• Data for processing:
------------------------------------

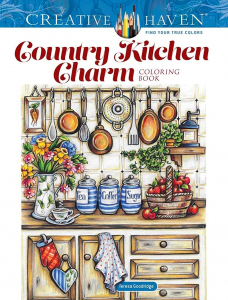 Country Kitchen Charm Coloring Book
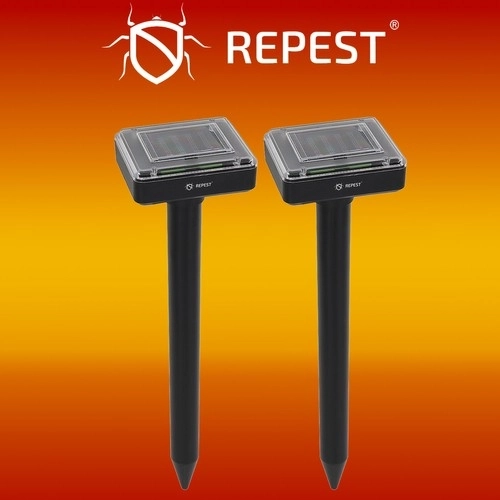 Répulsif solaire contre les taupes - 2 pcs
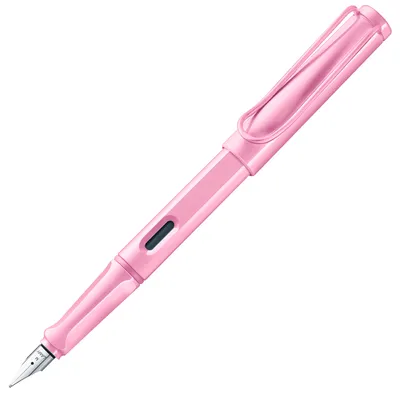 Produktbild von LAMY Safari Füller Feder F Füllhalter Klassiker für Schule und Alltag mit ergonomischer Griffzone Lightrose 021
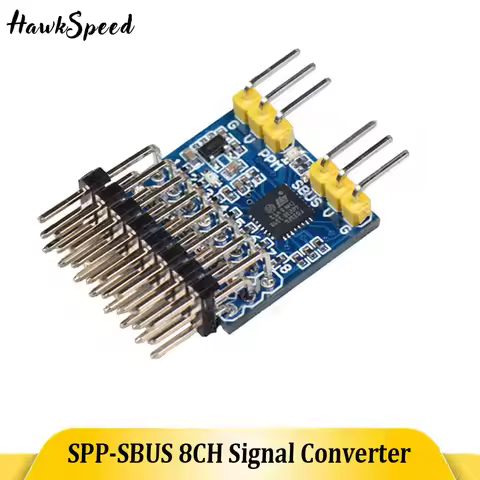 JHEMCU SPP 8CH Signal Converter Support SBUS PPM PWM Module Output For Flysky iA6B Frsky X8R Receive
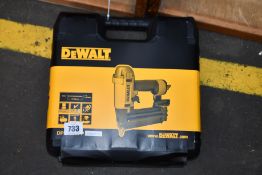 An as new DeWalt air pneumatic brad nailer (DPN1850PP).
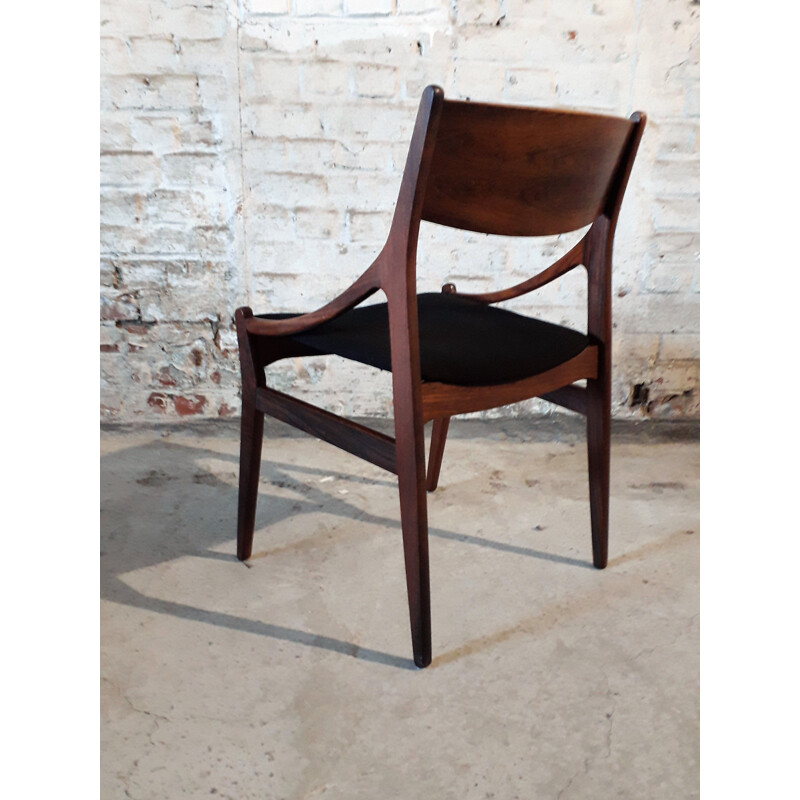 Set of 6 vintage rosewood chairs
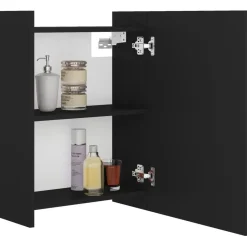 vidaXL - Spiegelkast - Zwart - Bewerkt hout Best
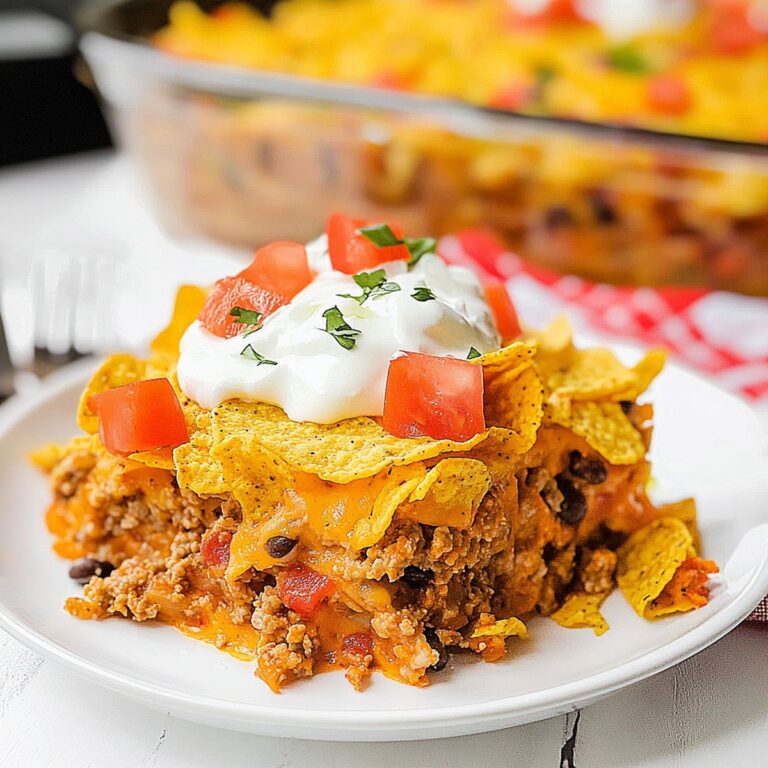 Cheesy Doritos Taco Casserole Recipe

------------------------------------

The lines from the one with "Répulsif solaire contre les taupes - 2 pcs" to the end of the data above should be retyped exactly, both ends included, and pictures are to be left out.

• The answer:
 Répulsif solaire contre les taupes - 2 pcs
 Produktbild von LAMY Safari Füller Feder F Füllhalter Klassiker für Schule und Alltag mit ergonomischer Griffzone Lightrose 021
 JHEMCU SPP 8CH Signal Converter Support SBUS PPM PWM Module Output For Flysky iA6B Frsky X8R Receive
 An as new DeWalt air pneumatic brad nailer (DPN1850PP).
 Set of 6 vintage rosewood chairs
 vidaXL - Spiegelkast - Zwart - Bewerkt hout Best
 Cheesy Doritos Taco Casserole Recipe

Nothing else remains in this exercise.